* [Input data]

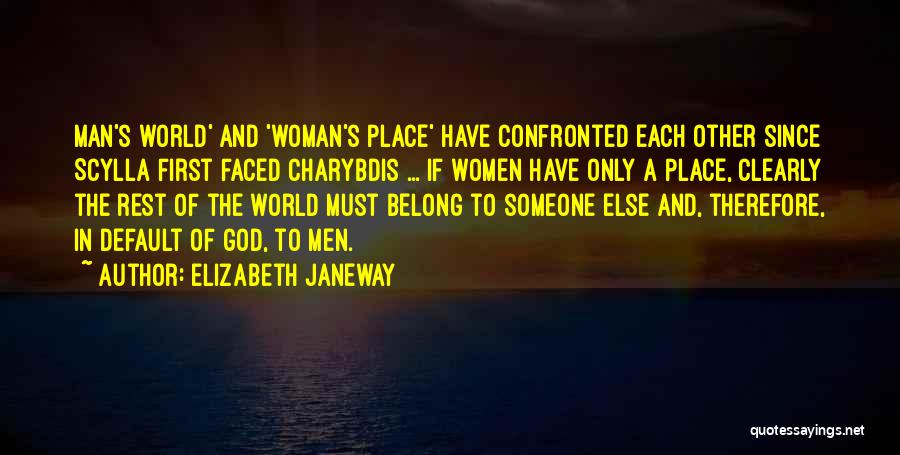 Elizabeth Janeway Quotes 1429063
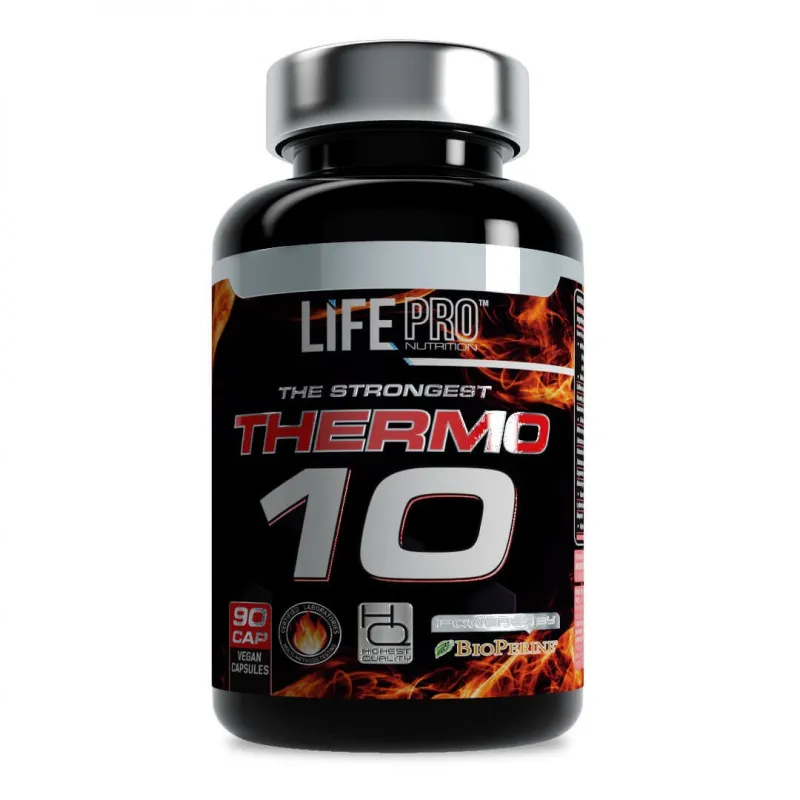 LIFE PRO THERMO 10 90 CAPS 1 LIFE PRO THERMO 10 90 CAPS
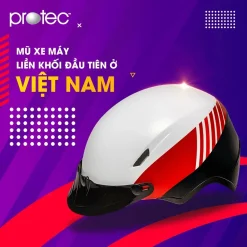 Mũ bảo hiểm nửa đầu siêu nhẹ Protec IM01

* [Your objective]
Faithful copy, images left out: write out every line of data.

* [Reply to the task]
 Elizabeth Janeway Quotes 1429063
 LIFE PRO THERMO 10 90 CAPS 1 LIFE PRO THERMO 10 90 CAPS
 Mũ bảo hiểm nửa đầu siêu nhẹ Protec IM01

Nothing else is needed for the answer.